Die toten Schulkinder von Newtown sind begraben und nachrichtentechnisch schon so gut wie vergessen. Die Diskussion um strengere Waffengesetze in den USA wird aber vermutlich noch eine Weile anhalten – bislang hat sie aber vor allem dafür gesorgt, dass das Weihnachtsgeschäft der Waffenhändler noch einmal richtig angezogen hat – im Dezember wurden laut FBI so viele Hintergrundprüfungen potenzieller Waffenkäufer beantragt wie noch nie zuvor. Das weist darauf hin, dass die Leute sich schnell noch mit Schusswaffen eindecken, bevor es schwieriger wird, welche zu erwerben. Und das, obwohl sich gerade wieder gezeigt hat, dass solche Waffen die Sicherheit keineswegs erhöhen, sondern im Gegenteil zu schrecklichen Dingen benutzt werden können. Verrückt.
Der Besitz einer Schusswaffe steigert nicht die persönliche Sicherheit,
sondern das Risiko erschossen zu werden.
Ob die Anzahl der Schusswaffentoten in der Folge auch ansteigt, bleibt abzuwarten, es sind aber seit dem Amoklauf am 14. Dezember schon wieder eine ganze Menge. Das Internetmagazin Slate hat auf seiner Seite eine interaktive Grafik veröffentlicht, auf der bekannt gewordene Schusswaffenopfer seit dem 14. Dezember eingetragen wurden. Es waren zum Stichtag 1. Januar 2013 insgesamt 409. Für jeden Toten ist eine Figur abgebildet. Mit einem Klick kann man weitere Informationen abrufen, außerdem führt ein Link zur jeweiligen Quelle der Information, meistens ein Artikel in einem regionalen Medium, das über den jeweiligen Vorfall berichtet hat.

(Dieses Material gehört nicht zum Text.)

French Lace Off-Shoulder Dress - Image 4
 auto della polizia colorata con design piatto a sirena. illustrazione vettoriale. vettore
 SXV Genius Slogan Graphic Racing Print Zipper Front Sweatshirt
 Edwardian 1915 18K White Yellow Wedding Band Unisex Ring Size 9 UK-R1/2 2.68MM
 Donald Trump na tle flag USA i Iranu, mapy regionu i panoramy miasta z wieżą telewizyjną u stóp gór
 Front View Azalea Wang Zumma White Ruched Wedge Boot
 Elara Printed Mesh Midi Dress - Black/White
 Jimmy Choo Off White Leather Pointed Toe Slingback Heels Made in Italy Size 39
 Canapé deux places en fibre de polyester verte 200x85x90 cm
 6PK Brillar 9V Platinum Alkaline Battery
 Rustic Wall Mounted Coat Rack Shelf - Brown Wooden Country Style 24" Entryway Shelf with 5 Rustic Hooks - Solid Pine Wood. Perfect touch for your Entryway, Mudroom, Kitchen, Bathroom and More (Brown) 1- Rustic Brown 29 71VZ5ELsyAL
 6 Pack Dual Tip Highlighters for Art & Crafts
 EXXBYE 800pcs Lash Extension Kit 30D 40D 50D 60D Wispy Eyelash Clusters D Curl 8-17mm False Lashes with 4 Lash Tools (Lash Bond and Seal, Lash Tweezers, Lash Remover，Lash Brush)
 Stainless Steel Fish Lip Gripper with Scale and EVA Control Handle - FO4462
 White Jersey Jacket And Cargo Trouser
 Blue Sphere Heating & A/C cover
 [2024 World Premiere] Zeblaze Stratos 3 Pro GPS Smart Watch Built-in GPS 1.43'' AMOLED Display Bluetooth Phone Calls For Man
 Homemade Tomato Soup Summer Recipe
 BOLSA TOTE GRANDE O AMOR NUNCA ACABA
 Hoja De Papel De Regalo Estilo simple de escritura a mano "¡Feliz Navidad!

Natürlich gibt es Morde aus Eifersucht, bewaffnete Auseinandersetzungen zwischen Straßengangs und so weiter, erschütternd ist aber, dass es auch über Kinder berichtet wird, die bei Jagdunfällen erschossen wurden oder über mehrere Kleinkinder, die sich bei Spielen mit den Waffen ihrer Eltern tödlich verletzt haben.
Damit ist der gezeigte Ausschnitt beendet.